Friday 9 December 2011

The 12 Gays of Christmas

Douglas Byng (1893-1987)

Every city and town in the UK (and a lot of villages as well) produces a pantomime for the festive season. It’s a part of British culture which mystifies and confuses most of the rest of the world. Most of them will be starting around now and go on well into the New Year.

The origins of pantomime go back centuries and cannot be traced to a single source. Two elements that are essential for a successful modern panto are the cross-dressing Principal Boy and Dame characters. The notion of cross-dressing on stage is an ancient one. Though whereas in real life the purpose of cross-dressing is usually to be perceived as the opposite sex, in pantomime it should always be clear that the Principal Boy is a girl and the Dame is a man.

Playing the Dame is a very particular skill that is very difficult to master. I’ve tried it myself several times but wasn’t very good at it.

One of the best and most influential panto Dames of the 20th century was Douglas Byng.  He was born in Mapperley, an area of Nottingham, one of the 12 children of the local bank manager. Originally a costume designer Douglas made his stage debut in 1914 and his panto debut in 1921 at the legendary London Palladium. He formed his own drag cabaret act and wrote many silly songs which he later included in some of his pantos.

During this month BBC Radio 4 has been broadcasting a one-man show about Douglas Byng based on his diaries and featuring some of his songs. The performer was someone who owed a lot to Byng’s pioneering exaggerated style in dress and double entrendre, Julian Clary.

Byng utilised his costume designing skills in most of his Dame costumes. At the time the Dame was often portrayed as an old woman in a slightly exaggerated costume. But Douglas Byng introduced something extra – parody. One of his favourite Dame costumes during the 1930s was a cape made out of bathroom loofahs. This was parodying the fashion of the time for fox-tail capes. However, as soon as World War II broke out in 1939 bathroom loofahs went from being a common household possession to a rarely obtained import and loofahs became very expensive. Douglas soon realised that his loofah cape became a valuable item – Black Marketeers could make a fortune selling it. So he always locked it in theatre safes everywhere he performed. They had become the most valuable bathroom loofahs in the world.

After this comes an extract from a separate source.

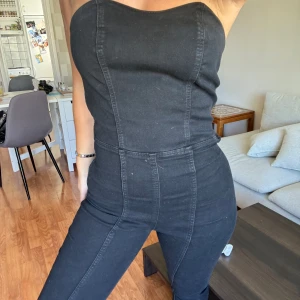Denim Jumpsuit strapless ZARA - Denim jumpsuit strapless från Zara i storlek S❤️ I fint skick och nypris är 559kr.🌸 Köp nu eller kom med prisförslag! Den har sömsläpp på en sida men det är lätt fixat❤️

These days you won’t see a panto Dame that doesn’t have an outrageous costume parodying a contemporary fashion or emphasising an aspect of the Dame’s character. Such costumes have included a lighthouse costume for the Dame in “Dick Whittington” when the characters are shipwrecked, and a washing basket doubling as Widow Twankey’s skirt. Also, Douglas Byng was the first Dame to come onto stage with a different and increasingly more bizarre costume with every entrance.

So, move over Lady Gaga – Douglas Byng got there first!